Open Source

Making RPMs, part 1: The .spec file header

In the first of five Daily Drill Downs on creating RPMs, Vincent Danen explains why you might want to build RPM packages for yourself and others and covers the .spec file.


Most people who use Linux distributions such as Red Hat, Linux Mandrake, SuSE, and Caldera are familiar with RPM (Red Hat Package Manager) because those distributions rely on the RPM packaging format to distribute software. RPM is a system of distributing both binary and source packages. Traditionally, Linux users had to download the source code for programs from TAR archives and compile and install the programs themselves. Today, this method is not obsolete, but certainly not preferred by most Linux users, new or veteran.

A bit of explanation
RPM revolutionized the distribution of software for Linux to some degree. Users are no longer required to compile all their own software. A large number of programs come precompiled in RPM packages and installation is as simple as with any Windows program, if not simpler. RPM completely manages the various software packages on your system. It remembers what it installed and where it installed various files or directories. It cleans up everything efficiently when uninstalling, without leaving unnecessary files or libraries to clutter up your system. In short, RPM takes most of the brainwork out of maintaining and upgrading the software installed on your Linux system.

In this series, we are going to take a look at how to build your own RPM packages. Although many programs are available via RPM, some are not, and you may want to build your own packages to keep a clean system. Or perhaps you want to contribute your favorite non-RPM program to the distribution you use. Many distributions allow and encourage users to submit source RPM packages. These are then compiled and made available to other users of the distribution.

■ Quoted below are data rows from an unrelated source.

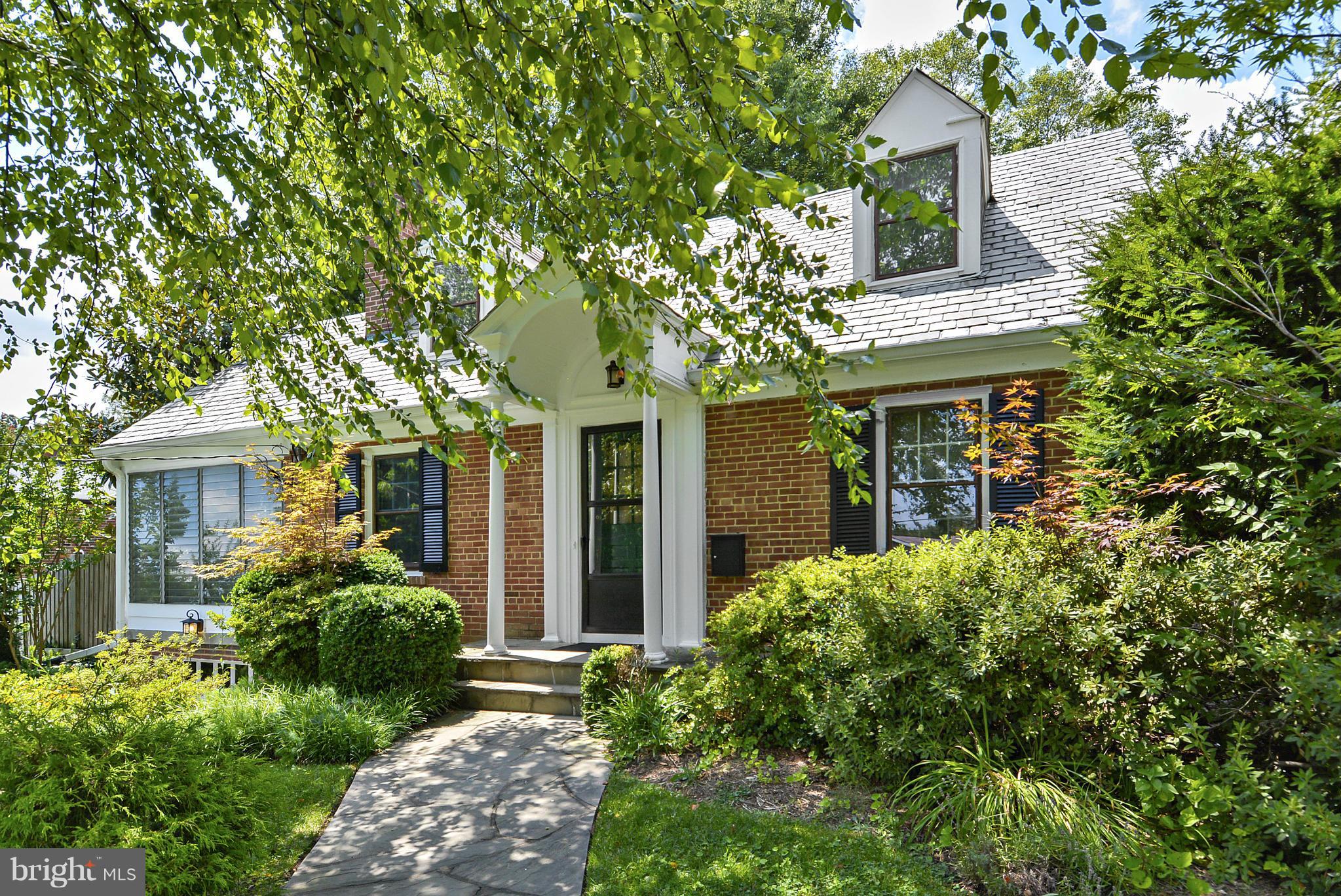 front view of a house with a tree
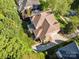 Aerial shot of a property with a lush backyard, landscaping, hardscape, and a well-maintained lawn at 551 Hemmings Nw Pl, Concord, NC 28027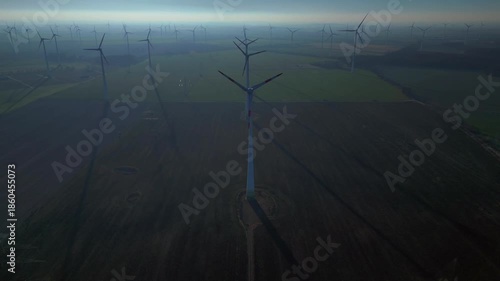 above Wind energy turbines at sunrise, clean power. Lovely aerial view drone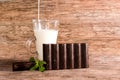 Dark chocolate bar, glass of milk and mint leaves on a wooden table Royalty Free Stock Photo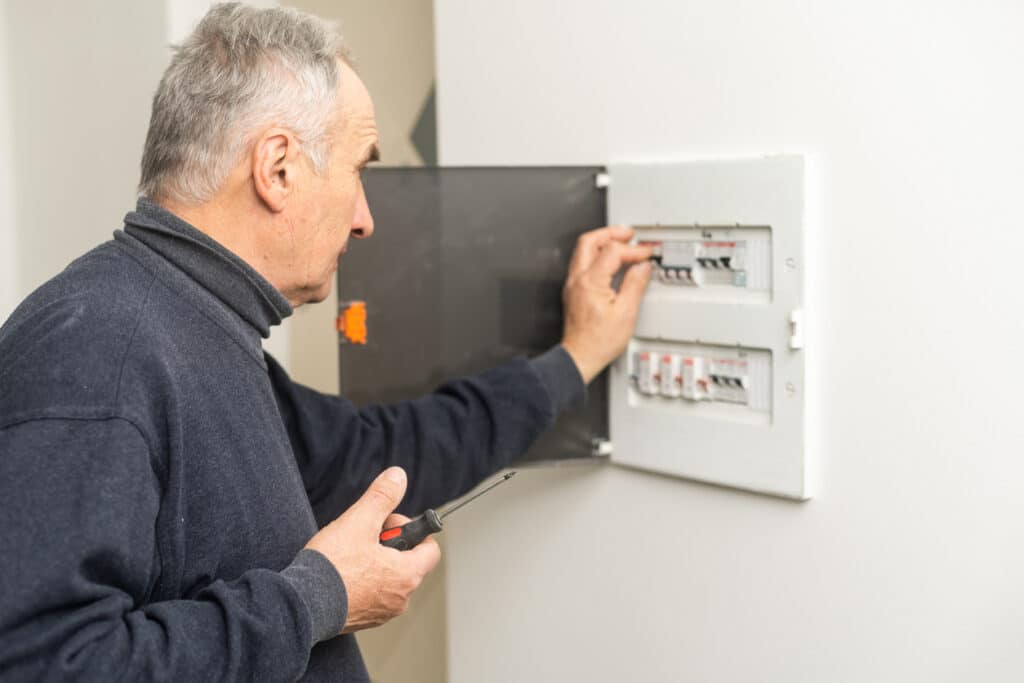 Mature man an electrician turning on circuit breaker in panel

We're going to learn a number of methods of creating clean, efficient RPM packages for whatever distribution you choose. I have made over four dozen RPM packages for the Linux Mandrake distribution, and that is the distribution I will be using to illustrate RPM package creation. Distributions differ, and so does making RPM packages for various distributions. File placement, directory placement, available tools, and so on are largely dependent on the distribution you use. But the basics of RPM creation are the same, so even if you don't use Linux Mandrake, these tutorials will help you create RPM packages for any distribution, provided it supports RPM.

Installing RPM and associated tools
If you use an RPM-based distribution, you already have RPM installed. RPM is necessary for the management, installation, removal, and creation of RPM packages. Other tools you will want to install, for the Linux Mandrake distribution, are rpmtools, rpmlint, and spec-helper. These tools are new to the forthcoming Linux Mandrake 7.1 distribution and may work for any other distribution. They will work flawlessly under Red Hat, but you might have to rebuild them from source for other distributions.

rpmtools is a package that provides various tools to help you build solid RPM packages. It will work transparently with RPM when building new packages, so there is nothing for you to learn to make use of it. rpmlint is a program written in Python to check binary RPM packages for errors. Although rpmlint is tailored specifically to Linux Mandrake, it can be adapted to work with any other distribution by editing the rpmlint Python script itself. Finally, spec-helper is another set of tools that works transparently with RPM when building packages and will automatically compress man pages and info pages, clean files, strip files, and so forth.

These tools will only work with the RPM version that Linux Mandrake comes with, so if you want to take advantage of these excellent tools, you will need to upgrade the version of RPM on your system to the RPM version that Linux Mandrake provides. Don't worry; it won't break your existing RPM system. The RPM version that Linux Mandrake provides does everything that other RPM versions do, but is enhanced to take advantage of these various tools.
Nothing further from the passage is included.